1. Symmetry. A lot of researchers ask for the property M(X,Y) = M(Y,X). There's absolutely no reason to think this is a good property of a perceptual image metric. You may well want to treat the reference (original) differently than the distorted image in your metric.
Obviously for image database similarity metrics or something, you want symmetry, but that's not what we're dealing with here. Also you can of course trivially make a symmetric metric from an asymetric one by doing S(X,Y) = A(X,Y) + A(Y,X)
2. Offset/Scale Invariance. Again people demand M(X,Y) = M(S*X + O,S*Y + O) , that is invariance to constant scale and offset. There is no reason to think this is good (in fact there is reason to think this is bad). Pixel values have an absolute meaning and 2->4 is not the same as 4->6.
3. Rotation Invariance. A lot of people ask for rotation invariance, and are careful to normalize their wavelet basis or DCT or whatever so that they have rotation invariance. Again, bad idea. The human eye has different perception of detail in different directions - strongest horizontally, slightly weaker vertically, and much weaker diagonally. Also real images have by far the most correlation horizontally - people with cameras tend to hold them aligned to the horizon, not at completely random angles. Images are not rotationally invariant in the real world, so why should your metric be?
For example one simple thing they do in the PSNR-HVS paper is to do a one step wavelet transform first to make LL,LH,HL,HH bands, then you run whatever metric you want on the four bands, and then weight their contribution thusly :
UQI-HVS = 0.5779ULL + 0.1582UHL + 0.1707ULH + 0.0932UHH
This kind of issue comes up in non-obvious ways as well. For example if you do a unitary DCT (or any other basis) transform on a block, the L2 norm is preserved, so you might think that L2 norm is theoretically more logical, however we have no reason to believe that human vision is invariant under basis-space rotations, therefore there is no reason to prefer the rotation-invariant norm.
4. Not quite in the same category, but another thing that I have my doubts about is use of things like visual attention focus. The basic idea is you can predict what part of the image/video people actually care about, and give more bits to those objects. This sounds nice in theory, but in practice you can't know where people will be looking, so if you look at an ensemble of observers who look at a variety of places, you might improve your average score, but you hurt the worst case (people who were looking at the area you took bits away from).
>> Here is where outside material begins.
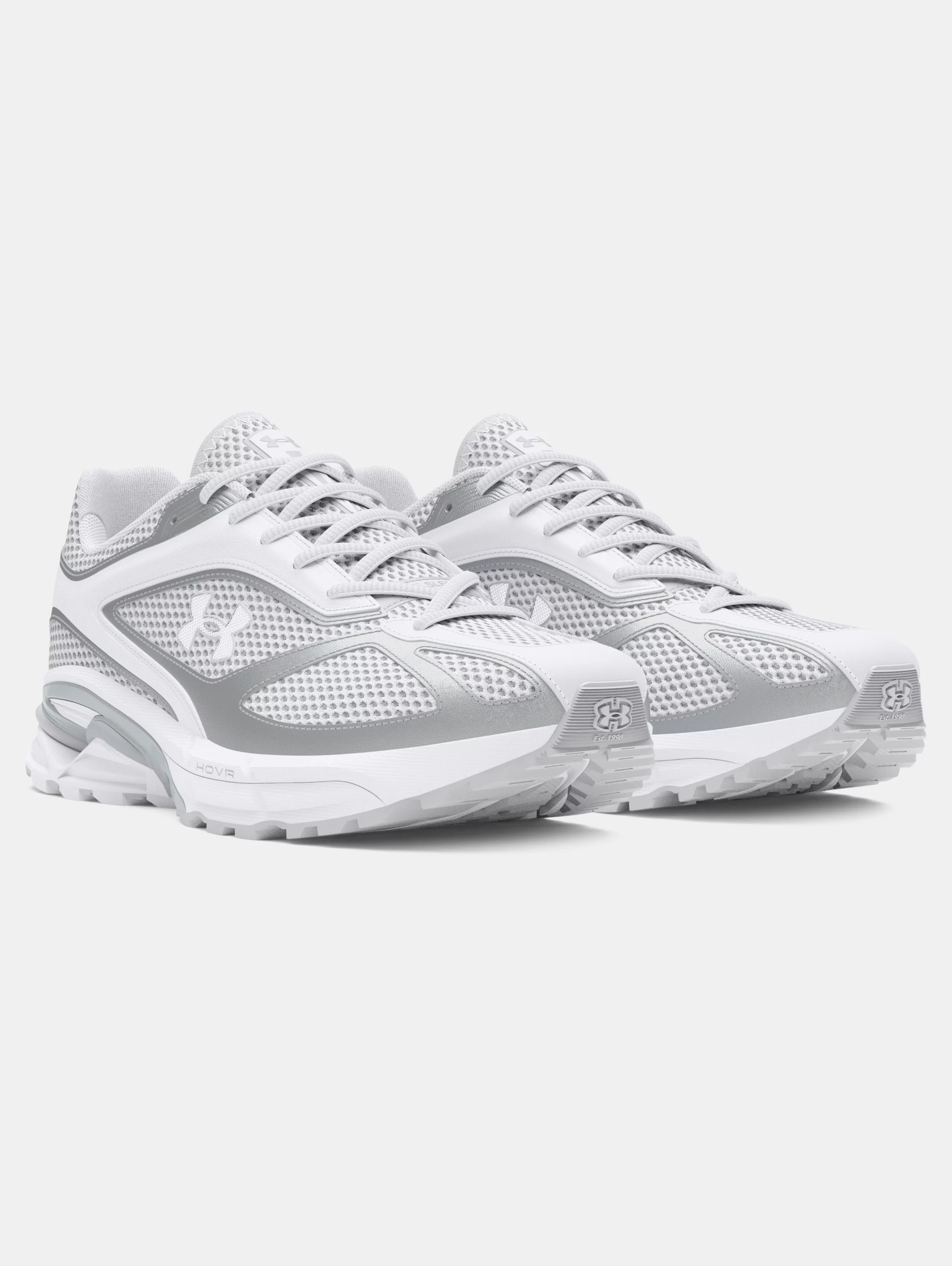 Unisex UA Apparition Shoes - 5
In practice there's also the issue that when you take bits away from an unimportant area, you can create artifacts there, and then those artifacts become visually annoying and thus make that area more of a focus. eg. in old crappy MPEG when you take bits away from the background and give it to the human actors in the foreground, you can make huge blocky ringy awfulness in the background.
A major problem I see in paper after paper is that people don't define their terms clearly. One of biggest issues is "luma" , where people will just start writing equations with an "L" or a "Y" in it without defining exactly what that means. Is it light-linear (eg. CIE Y) ? Perceptually uniform "lightness" (CIE L)? What's the scale? eg. what does L=1 mean?